Had the jury known that Konstantin had blatantly lied about the fictitious Sofia meeting with Dilkinska as well as the destruction of the OneCoin laptop, the entirety of Konstantin’s testimony would
almost certainly have been discredited.

And if Konstantin was so quick to lie on two occasions, the jury would have had grave reason to doubt Konstantin’s broader testimony that Mr. Scott was a “money launderer.”

Were the jury to disregard all of Konstantin’s testimony – or at least all testimony inculpatory to Mr. Scott that was not otherwise corroborated – there can be no confidence it would have returned the same verdict.

In late September, the DOJ claimed Konstantin’s perjury was “not material” to Scott’s guilty verdict.

The DOJ put forth Konstantin’s perjury,

amounting to only a small piece of Ignatov’s testimony and regarding an event that took place after the charged conspiracy and was unrelated to Scott’s guilt, was not material to the jury’s verdict.

Ignatov’s full testimony had limited relevance to the key issue in dispute at trial, i.e., Scott’s knowing participation in the charged criminal conspiracies.

The evidence submitted by the DOJ, resulting in Scott’s conviction, extended well beyond Konstantin Ignatov.

A decision on whether Mark Scott will be granted a retrial remains pending.
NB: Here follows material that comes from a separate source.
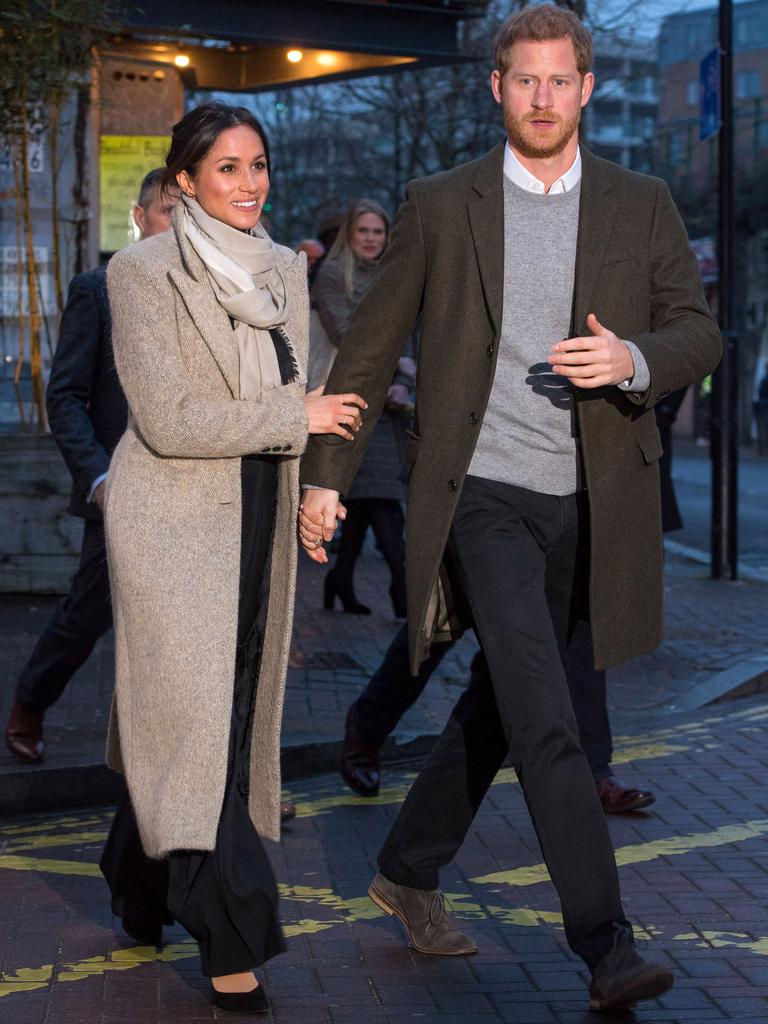 Prince Harry and Meghan Markle leave after visiting Reprezent 107.3FM on January 9, 2018 in London, England. The Reprezent training programme was established in Peckham in 2008, in response to the alarming rise in knife crime, to help young people develop and socialise through radio. Picture: Getty Images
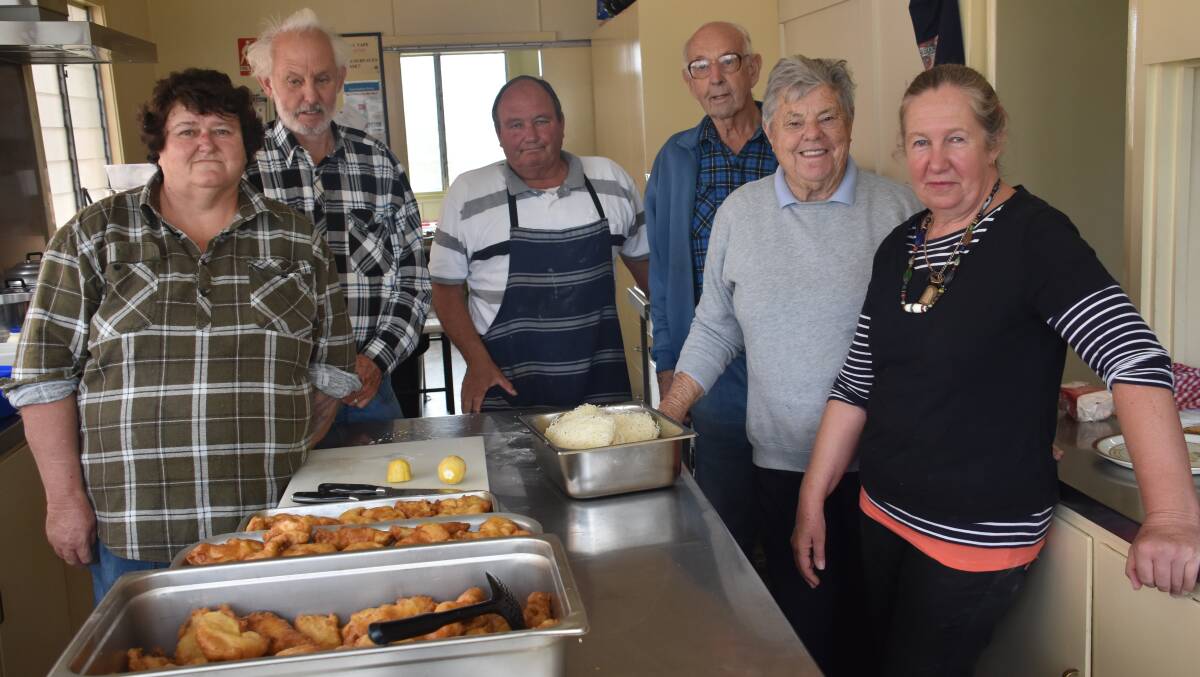 Community Kitchen volunteers Dawn and Steven Hobday, Bill Floyd, Tony and Laurel King and Kim Laidlaw invite you to feast every Tuesday at the Uniting Church Hall.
Update 26th December 2021 – It’s going to be a few months yet before we get a decision on Scott’s retrial motion.

Citing “multiple issues and grounds for relief not raised” not raised previously, the DOJ has requested permission to file a sur-reply.

Scott has consented to the request, and in exchange will have the opportunity to file a response to the sur-reply.

The DOJ’s request was approved on December 22nd, giving them until January 28th to file. Scott will then have until 18th February to file his response.


Update 12th April 2022 – On March 30th the DOJ requested an oral argument hearing now that Scott’s retrial filings are all in.

On April 7th the court scheduled oral arguments for April 14th. On April 8th the hearing was rescheduled to April 25th at DOJ’s request.


Update 19th September 2023 – Mark Scott’s motion for a retrial has been denied.